Dataset entries:
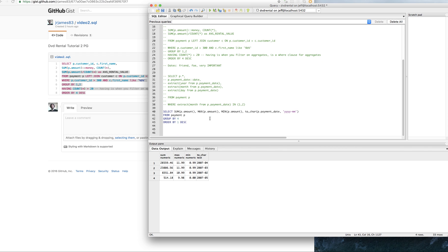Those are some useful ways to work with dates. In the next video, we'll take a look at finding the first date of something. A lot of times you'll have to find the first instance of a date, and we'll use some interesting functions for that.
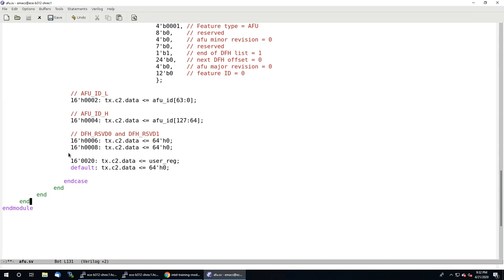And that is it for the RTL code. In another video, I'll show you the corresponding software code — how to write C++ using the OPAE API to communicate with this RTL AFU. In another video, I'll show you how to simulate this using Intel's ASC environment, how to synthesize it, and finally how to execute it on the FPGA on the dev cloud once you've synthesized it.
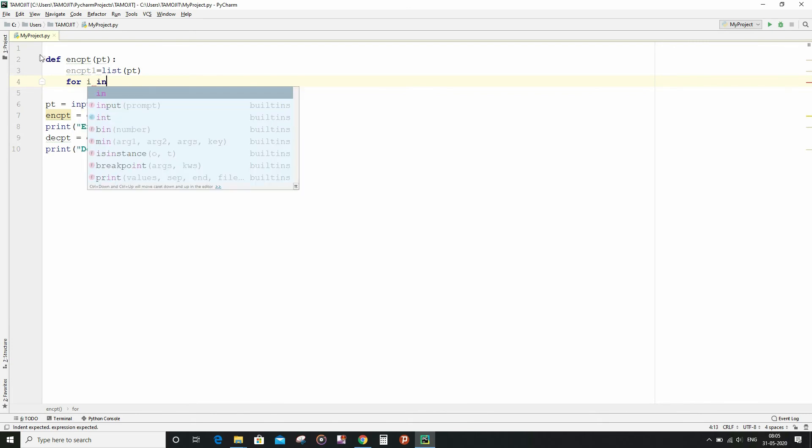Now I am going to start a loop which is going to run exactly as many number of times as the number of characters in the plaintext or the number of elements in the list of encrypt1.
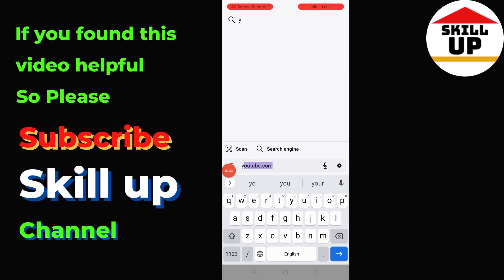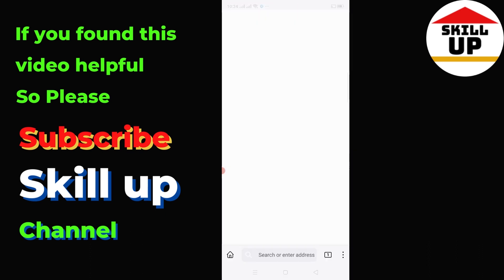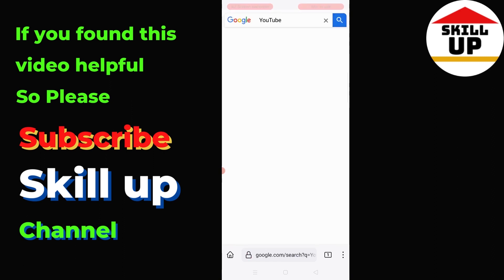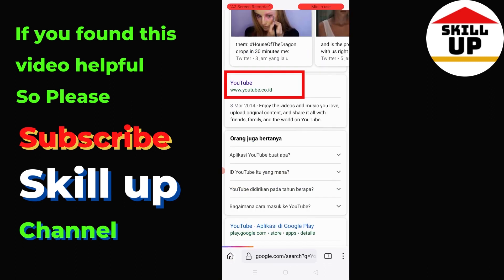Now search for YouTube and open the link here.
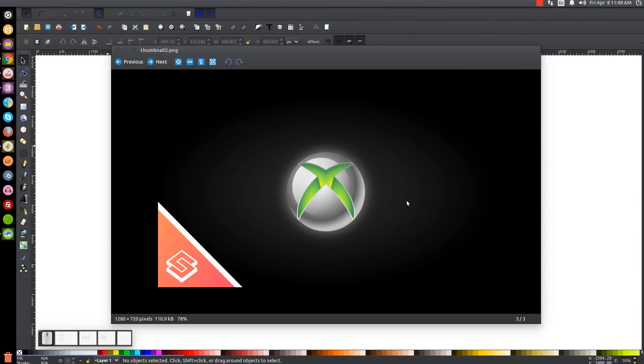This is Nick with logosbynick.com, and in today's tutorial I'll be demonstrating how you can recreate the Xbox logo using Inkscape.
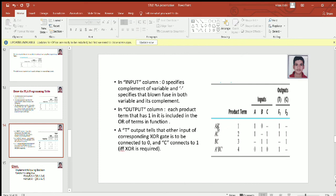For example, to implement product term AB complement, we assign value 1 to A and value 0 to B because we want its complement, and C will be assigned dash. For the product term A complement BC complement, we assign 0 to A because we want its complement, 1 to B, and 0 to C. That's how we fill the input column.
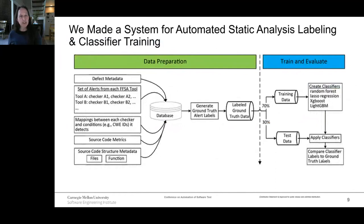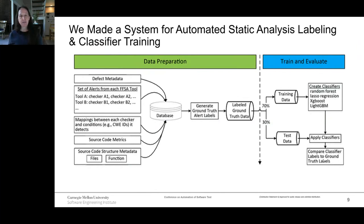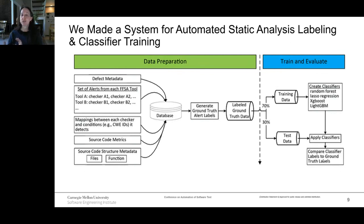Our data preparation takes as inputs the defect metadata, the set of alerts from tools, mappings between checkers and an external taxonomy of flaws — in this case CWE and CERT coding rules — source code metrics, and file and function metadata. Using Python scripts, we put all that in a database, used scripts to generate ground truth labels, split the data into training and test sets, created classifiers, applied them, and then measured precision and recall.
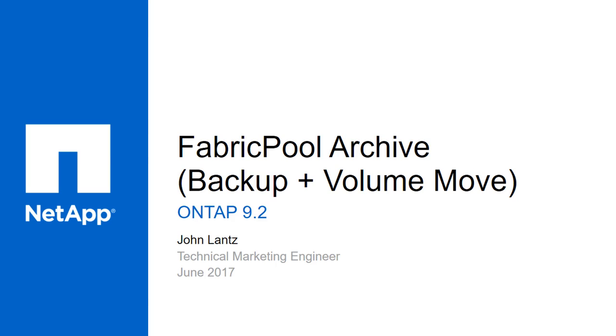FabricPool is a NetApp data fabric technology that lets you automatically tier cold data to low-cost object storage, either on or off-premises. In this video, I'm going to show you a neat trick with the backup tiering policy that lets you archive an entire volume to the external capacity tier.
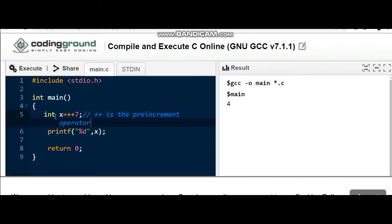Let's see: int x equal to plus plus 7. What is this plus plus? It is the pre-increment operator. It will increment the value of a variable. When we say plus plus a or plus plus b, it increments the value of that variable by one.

## What is required:
Restate word for word every line from the top of the entries above to the line with "And that is", inclusive, and skip any pictures.

## Result:
Those are some useful ways to work with dates. In the next video, we'll take a look at finding the first date of something. A lot of times you'll have to find the first instance of a date, and we'll use some interesting functions for that.
And that is it for the RTL code. In another video, I'll show you the corresponding software code — how to write C++ using the OPAE API to communicate with this RTL AFU. In another video, I'll show you how to simulate this using Intel's ASC environment, how to synthesize it, and finally how to execute it on the FPGA on the dev cloud once you've synthesized it.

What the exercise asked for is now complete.